RAMA KASHYAP, Chandigarh


The editorial has rightly observed that banks cannot stay in business if loans are not repaid. Banks are there to help the needy farmers and save them from the clutches of arhtiyas, who charge an exorbitant rate of interest. Loan-waiver schemes announced by the government from time to time do more harm than good to the interests of the farming community as the recipients of loans often squander the money so raised on unproductive uses, hoping that loans would ultimately be waived off.


Literary touch

I have read The Tribune Editor-in-Chief Raj Chengappa’s reports from Washington, his interview with Mr Omar Abdullah and the journey to Amritsar. I must say, these are not just journalistic reports, there is a literary touch in these writings, which reflects his personality, emotions, sentiments, purity of heart and clarity of vision and thoughts.

I myself have gone to these places. I have been visiting G.N.D. University quite frequently and on almost all those occasions visited the Golden Temple and also travelled to the Wagah border. Mr Chengappa’s descriptions and narratives are so vivid and captivating that it refreshed my memories.

Dr JB GOYAL, Kurukshetra

Opposition’s role

B G Verghese’s article, “Cut motions, privacy, corruption” (May 4) motivated me to comment on the role of the Opposition as conceptualised by Dr B R Ambedkar when he talked of faithfulness to the intentions of the people who have given them the mandate to sit in the Opposition for watching their interests to the best of their wisdom and abilities.

The Opposition leaders need to discuss and debate the issues relevant to the electorate and have no right to walk out of Parliament and disturb the proceedings.

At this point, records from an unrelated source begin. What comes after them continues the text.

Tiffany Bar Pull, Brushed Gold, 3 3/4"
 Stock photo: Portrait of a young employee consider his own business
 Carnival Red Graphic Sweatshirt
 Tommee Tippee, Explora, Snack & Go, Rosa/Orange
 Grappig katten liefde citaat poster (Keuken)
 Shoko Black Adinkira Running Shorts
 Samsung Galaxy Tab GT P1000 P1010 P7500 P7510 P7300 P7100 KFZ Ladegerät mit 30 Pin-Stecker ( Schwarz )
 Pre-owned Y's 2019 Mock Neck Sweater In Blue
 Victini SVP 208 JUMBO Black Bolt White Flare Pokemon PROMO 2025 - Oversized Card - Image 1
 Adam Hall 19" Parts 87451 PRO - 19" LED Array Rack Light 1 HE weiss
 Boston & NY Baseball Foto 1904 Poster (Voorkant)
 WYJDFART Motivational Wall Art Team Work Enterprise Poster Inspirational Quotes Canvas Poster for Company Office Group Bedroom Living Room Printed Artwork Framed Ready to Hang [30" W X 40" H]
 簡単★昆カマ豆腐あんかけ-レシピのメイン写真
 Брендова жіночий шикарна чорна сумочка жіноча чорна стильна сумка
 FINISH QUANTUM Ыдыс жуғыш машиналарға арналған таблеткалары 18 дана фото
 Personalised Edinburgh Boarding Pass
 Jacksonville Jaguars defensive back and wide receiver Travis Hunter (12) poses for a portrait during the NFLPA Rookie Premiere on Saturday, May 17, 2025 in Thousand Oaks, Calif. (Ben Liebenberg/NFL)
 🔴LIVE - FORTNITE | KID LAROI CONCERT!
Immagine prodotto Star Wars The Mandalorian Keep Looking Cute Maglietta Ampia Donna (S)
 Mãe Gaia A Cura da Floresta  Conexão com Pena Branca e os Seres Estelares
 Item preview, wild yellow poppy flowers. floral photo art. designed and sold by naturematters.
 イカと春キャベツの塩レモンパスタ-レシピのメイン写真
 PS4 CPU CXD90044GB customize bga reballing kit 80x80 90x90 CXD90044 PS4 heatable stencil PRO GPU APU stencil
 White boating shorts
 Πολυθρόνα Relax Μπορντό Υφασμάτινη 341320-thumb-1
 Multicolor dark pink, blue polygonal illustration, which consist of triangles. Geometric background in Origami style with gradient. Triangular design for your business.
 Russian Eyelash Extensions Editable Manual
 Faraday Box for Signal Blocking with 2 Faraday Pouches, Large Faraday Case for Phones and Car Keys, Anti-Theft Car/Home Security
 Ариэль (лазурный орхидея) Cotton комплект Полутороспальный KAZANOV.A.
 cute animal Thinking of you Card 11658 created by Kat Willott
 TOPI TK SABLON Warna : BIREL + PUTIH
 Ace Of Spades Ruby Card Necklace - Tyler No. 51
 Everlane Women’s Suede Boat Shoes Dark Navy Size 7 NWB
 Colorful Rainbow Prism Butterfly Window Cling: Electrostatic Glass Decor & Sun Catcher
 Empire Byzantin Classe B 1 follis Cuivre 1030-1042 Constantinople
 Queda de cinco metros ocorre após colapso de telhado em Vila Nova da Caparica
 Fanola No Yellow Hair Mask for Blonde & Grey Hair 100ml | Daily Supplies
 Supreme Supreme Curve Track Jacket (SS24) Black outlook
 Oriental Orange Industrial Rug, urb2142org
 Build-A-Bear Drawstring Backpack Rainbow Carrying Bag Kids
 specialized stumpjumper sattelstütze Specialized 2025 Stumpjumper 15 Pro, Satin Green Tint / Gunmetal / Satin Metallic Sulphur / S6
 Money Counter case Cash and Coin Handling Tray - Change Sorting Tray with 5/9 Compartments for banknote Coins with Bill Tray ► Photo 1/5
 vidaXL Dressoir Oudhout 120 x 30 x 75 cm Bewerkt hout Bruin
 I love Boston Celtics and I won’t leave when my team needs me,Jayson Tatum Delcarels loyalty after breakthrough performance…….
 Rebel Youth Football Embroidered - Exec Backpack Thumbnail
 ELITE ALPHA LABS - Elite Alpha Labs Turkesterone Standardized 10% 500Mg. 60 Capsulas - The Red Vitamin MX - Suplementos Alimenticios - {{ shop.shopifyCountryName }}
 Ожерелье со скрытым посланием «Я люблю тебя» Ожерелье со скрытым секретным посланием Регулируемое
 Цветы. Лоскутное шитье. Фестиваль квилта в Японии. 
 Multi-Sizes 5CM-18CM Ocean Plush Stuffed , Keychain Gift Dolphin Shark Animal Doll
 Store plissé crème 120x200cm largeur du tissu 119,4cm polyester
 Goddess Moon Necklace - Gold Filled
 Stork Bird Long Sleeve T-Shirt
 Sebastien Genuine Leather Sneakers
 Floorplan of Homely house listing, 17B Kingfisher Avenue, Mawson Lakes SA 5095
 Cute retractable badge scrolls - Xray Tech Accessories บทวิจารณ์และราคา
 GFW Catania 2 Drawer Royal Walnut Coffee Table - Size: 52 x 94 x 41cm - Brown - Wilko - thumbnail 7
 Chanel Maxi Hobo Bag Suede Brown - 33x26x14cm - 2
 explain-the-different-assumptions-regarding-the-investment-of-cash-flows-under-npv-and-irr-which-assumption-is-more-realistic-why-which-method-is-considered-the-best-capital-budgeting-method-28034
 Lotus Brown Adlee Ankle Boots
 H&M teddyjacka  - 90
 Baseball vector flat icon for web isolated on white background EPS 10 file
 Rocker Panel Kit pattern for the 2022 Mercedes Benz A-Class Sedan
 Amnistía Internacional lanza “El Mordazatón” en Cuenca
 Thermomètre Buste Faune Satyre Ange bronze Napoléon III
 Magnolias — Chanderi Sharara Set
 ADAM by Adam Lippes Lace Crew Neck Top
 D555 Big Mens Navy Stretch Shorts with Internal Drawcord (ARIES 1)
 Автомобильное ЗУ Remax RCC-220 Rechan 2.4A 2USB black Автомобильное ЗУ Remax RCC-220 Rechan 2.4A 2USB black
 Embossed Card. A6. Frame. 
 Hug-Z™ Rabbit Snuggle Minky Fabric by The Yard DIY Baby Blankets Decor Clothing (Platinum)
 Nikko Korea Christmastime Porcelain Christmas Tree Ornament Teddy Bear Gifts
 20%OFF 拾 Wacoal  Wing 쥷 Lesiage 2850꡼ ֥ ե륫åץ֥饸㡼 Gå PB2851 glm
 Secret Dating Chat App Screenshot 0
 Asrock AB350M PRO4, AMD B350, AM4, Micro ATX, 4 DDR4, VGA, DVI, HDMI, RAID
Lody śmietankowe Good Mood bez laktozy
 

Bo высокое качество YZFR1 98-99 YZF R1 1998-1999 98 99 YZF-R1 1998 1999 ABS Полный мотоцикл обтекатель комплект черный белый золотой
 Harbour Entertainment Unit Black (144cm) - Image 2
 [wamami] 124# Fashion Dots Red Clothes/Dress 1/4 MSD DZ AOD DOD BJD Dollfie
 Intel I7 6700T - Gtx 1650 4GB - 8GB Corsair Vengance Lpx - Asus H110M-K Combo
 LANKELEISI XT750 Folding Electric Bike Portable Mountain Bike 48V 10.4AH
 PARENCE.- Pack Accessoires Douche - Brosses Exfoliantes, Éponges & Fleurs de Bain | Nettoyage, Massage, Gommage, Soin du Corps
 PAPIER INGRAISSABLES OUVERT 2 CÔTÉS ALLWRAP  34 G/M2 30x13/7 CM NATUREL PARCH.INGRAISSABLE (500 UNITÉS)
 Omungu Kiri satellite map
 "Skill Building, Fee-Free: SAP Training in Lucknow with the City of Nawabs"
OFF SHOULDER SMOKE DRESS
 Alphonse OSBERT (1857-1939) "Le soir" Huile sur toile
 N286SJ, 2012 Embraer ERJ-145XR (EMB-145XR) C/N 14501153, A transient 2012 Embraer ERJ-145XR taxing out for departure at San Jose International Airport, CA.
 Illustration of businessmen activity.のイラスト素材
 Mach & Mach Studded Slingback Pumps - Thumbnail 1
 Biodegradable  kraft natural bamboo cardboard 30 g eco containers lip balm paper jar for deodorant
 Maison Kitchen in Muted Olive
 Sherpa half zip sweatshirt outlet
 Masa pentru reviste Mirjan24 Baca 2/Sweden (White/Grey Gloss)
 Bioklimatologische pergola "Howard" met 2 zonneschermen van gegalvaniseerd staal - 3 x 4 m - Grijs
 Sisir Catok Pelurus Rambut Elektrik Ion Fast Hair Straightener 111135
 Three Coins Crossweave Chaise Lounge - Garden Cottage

They should accept their responsibility. The Opposition leaders should seriously do some soul-searching and learn the principles of faithfulness and wisdom.

Dr M M GOEL, Kurukshetra

Sports bodies

The editorial “Sports & politics” (May 4) has aptly analysed the Sports Ministry’s decision and its probable impact on sports administration in India. I fully agree with the observation that fixing tenures alone is not going to work, but certainly if implemented strongly it will prove to be the first step forward in reforming sports administration in India.

There is a need to sensitise the public and make them aware of the benefits politicians extract from sports bodies. Now that a beginning has been initiated, I strongly feel that the Sports Ministry should make the working of all sports bodies accountable, transparent and efficient. Action should be initiated for poor performances.


Breeding tigers

Assuming that there are about 300 tigresses in the cub-productive age (among the thousand odd surviving tigers) and allowing for the average survival of one cub per litter to adulthood and also factoring in 20 old age deaths every two years, there is every chance that our tiger population will reach the 2000 to 2500 mark 10 years hence (news report, “Explore options to breed tigers in the wild, ministry told”, May 3).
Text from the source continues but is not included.